Since this includes the 10 handshakes shared between the spouses, there are 190-10 = 180 handshakes.

10 couples: first case consider the total number of handshakes (involving men) to do this consider the couples arranged in a row...now the man in the first couple gets to shake hands with (9x2) people....the man of the second couple shakes hands with( 8x2) ...third man (7x2)......this goes on till (2x1)....sum the series=90. Now considering women its the same result. Hence total=(90x2)=180

Person A1 has 18 hands to shake. Person A2 (the spouse) also 18 hands to shake. However, Person B1 has 16. Person B2 has 16. If you write it all out it will be 18+18+16+16+14+14+...+2+2, which we can write as 4(9+8+7+6+...+1). That is equal to 4(45), which is 180

There are a total of 20 persons. Now, suppose all couples are made to stand in a line. 1st husband comes and shakes hand with all except himself and his wife i.e he does 18 handshakes..Now, he goes away..His wife shakes hand with all 18 persons remaining...Hence, it would be 18+18+16+16+14+14+12+12+10+10................+2+2 = 180

Each of 20 guests shakes 18 hands (20 guests, minus themselves and their spouse). This is a total of 360 hands.

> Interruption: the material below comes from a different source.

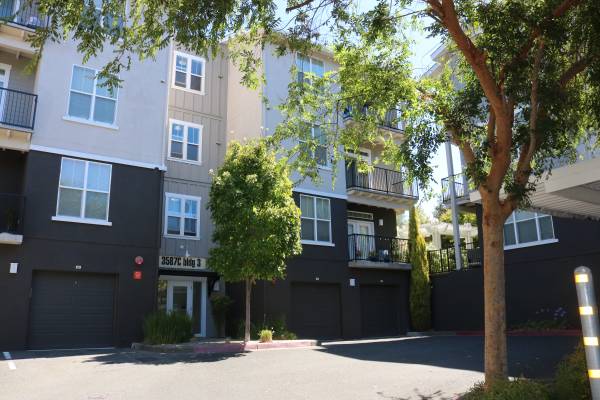 Apartments on Round Barn Blvd · Santa Rosa photo 4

However, this counts each handshake twice: A has shaken B's hand, and B has shaken A's hand, but this is counted as two shakes when in reality it is only one. So, divide the number of hands by 2 to get the number of handshakes, 180 .

There are 20 people in total. Because each person does not shake hands with themselves or their spouse, each person will shake hands with 18 other people. We can view 10 husbands (or 10 wives) shaking hands with the other 9 wives and 9 husbands. Therefore, the total handshakes = * 18 10 = 180 **

Since there are 20 people (10 x 2 people) in the crowd and they shake hands with everyone except their spouses, we can assume that that for every one (20 people), he or she will shake hands with 9 couples giving the equation of 9 x 20 =180.

Since there are 10 couples, there must be 20 people at the party. Assume the restriction that each person doesn't shake their spouse's hand doesn't exist. In this case there would be (20*19)2 handshakes. However, we must subtract 10 from that since each person does not shake their spouse's hand giving 190-10=180 handshakes.